A protruding lip, just above the paper output opening, contains the unit’s control panel. A centrally positioned LCD screen provides feedback information as you make selections from the various options found in the unit’s menu system. Unfortunately, as you can not adjust the positioning of the viewing angle for reading this display, it can prove rather difficult. The only way I could read this display was to look down on to the screen. It was hardly an ideal solution and Brother really needs to consider changing this aspect.
To the left of the screen are buttons for power, fax, scan and copy functions. On the right side there is an area containing menu navigation features and a button to activate the unit’s Wi-Fi capability. This button will glow to indicate when a Wi-Fi connection has been established and ready for use. Completing the control panel is a telephonic alphanumeric pad and buttons to stop and start actions.
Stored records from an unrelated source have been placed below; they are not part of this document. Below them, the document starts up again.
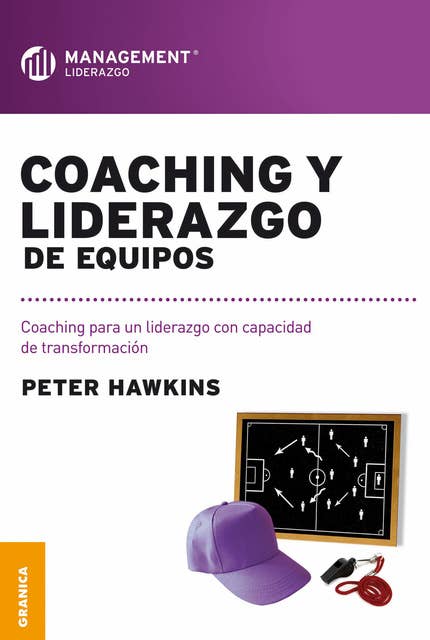 Coaching y liderazgo de equipos: Coaching para un liderazgo con capacidad de transformación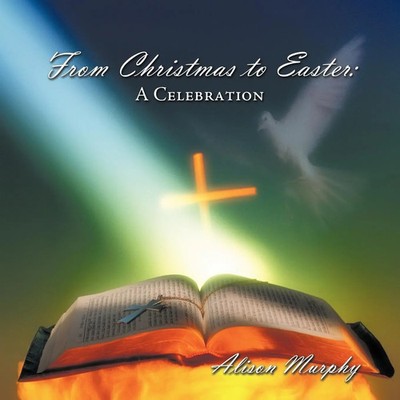 Alison Murphy | From Christmas to Easter | Taschenbuch | Englisch (2009)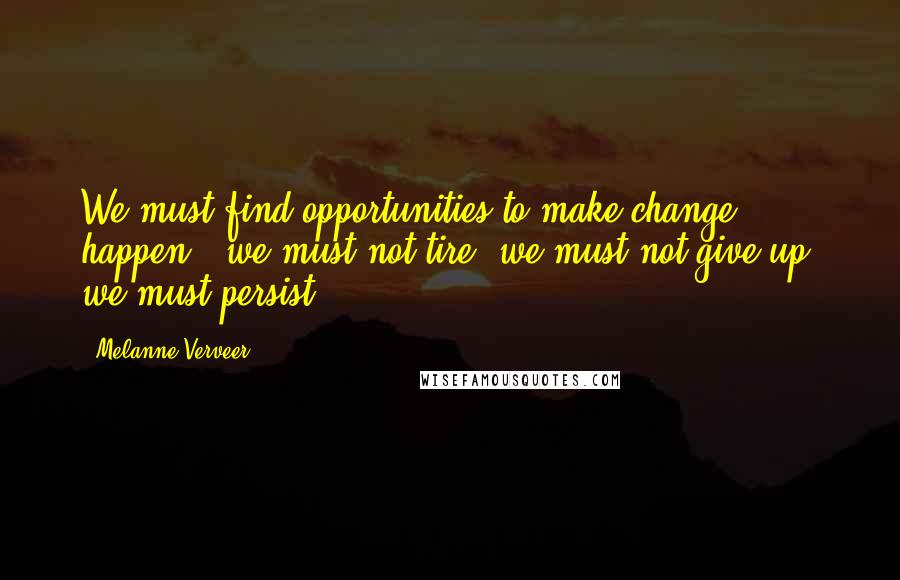Melanne Verveer Quotes: We must find opportunities to make change happen - we must not tire, we must not give up, we must persist.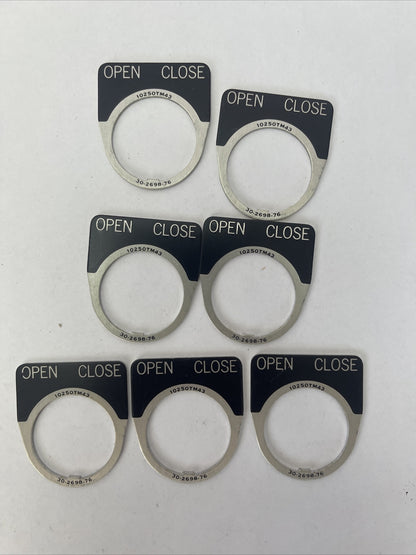 CUTLER HAMMER EATON 10250TM43 OPEN CLOSE LEGEND PLATE 30-2698-76 (LOT OF 7)0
When setting up this piece of kit, a folded sheet of illustrated instructions will lead you through the various required steps. This process starts with the insertion of the toner cartridge into the belly of the printer. Although it does not actually mention this step, I always feel that I get better results when I give the toner a good shake before placing it into the printer.
With the cartridge in place you can run the software on the supplied CD. This software includes the required drivers and the MFL-Pro Suite application. A wizard will lead you through the process of linking the MFC1910W to a computer via USB or Wi-Fi. In my case I opted for a wireless connection to avoid adding to the confusion of leads already occupying my workspace. You are given the option of using a temporary USB connection to help with a wireless connection. However this can be avoided if WPS is available to you. WPS will automatically establish a wireless linking with no further user intervention. A system restart will be required to complete the set up process.
Based on a 14,400bps modem, the Fax feature allows for both manual and automatic dialling when sending messages. Up to 99 speed-dial numbers can be created for individual or broadcast type sendings. Incoming faxes can be saved in memory and sent to a computer for storing and / or reading.
The A4 flatbed scanner, mounted on top of the unit, delivers a resolution of 600 x 1200 optical or 19200 x 19200 interpolated with 24-bit colour or 8-bit greyscale. When communicating with a computer, the scanner offers both TWAIN and WIA compliant options. The scanner can also deliver content direct to the printer unit as it acts in photocopy mode either with single sheets or up to 10 multiple sheets with the assistance of the ADF module. Photocopy mode does restrict the output to greyscale with scans to a computer being in full colour. A scan of an A4 coloured document was printed in greyscale within 17 seconds. An eight page text document was fed through the ADF module to produce a photocopy in 121 seconds.
When printing from a computer using the supplied print driver, you have a choice of three print qualities defined as 300dpi, 600dpi and HQ1200dpi with options to select graphics, text or manual options. Printing a 583-word document on a single page using the three print qualities produced very similar results. I struggled to detect any differences between the three print runs with regards to the print quality which looked the same. There was a slight difference in speed with 300dpi producing 21 pages per minute and the other two trailing just behind with 20 pages per minute. Similar results were achieved when printing images using the three print qualities.
While I struggled to identify differences in the print quality for the various settings, finding price differences was a much easier proposition. Brother has this model listed on its website priced at £154.80 with a replacement toner cartridge, rated at 1000 A4 pages, costing £41.99. Checking out Amazon.co.uk, I discovered the MFC1910W listed at £119.99 while an official Brother replacement toner cartridge was priced at £33.85. The Amazon pricing certainly makes this multi-function device a more attractive purchase.